**Dataset records:**
====
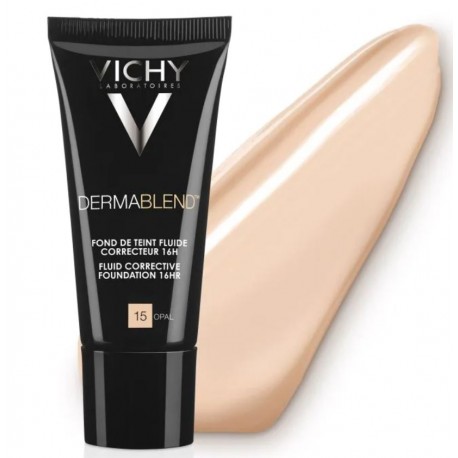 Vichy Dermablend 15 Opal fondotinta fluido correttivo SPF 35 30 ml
====
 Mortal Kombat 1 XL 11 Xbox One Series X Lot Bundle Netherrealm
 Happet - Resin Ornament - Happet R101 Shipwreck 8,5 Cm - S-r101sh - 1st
====
**Your task:** Above are the records; repeat exactly the lines from the one holding "Mortal Kombat 1" down to the one holding "Happet - Resin", end lines included.

**Response to this task:**
 Mortal Kombat 1 XL 11 Xbox One Series X Lot Bundle Netherrealm
 Happet - Resin Ornament - Happet R101 Shipwreck 8,5 Cm - S-r101sh - 1st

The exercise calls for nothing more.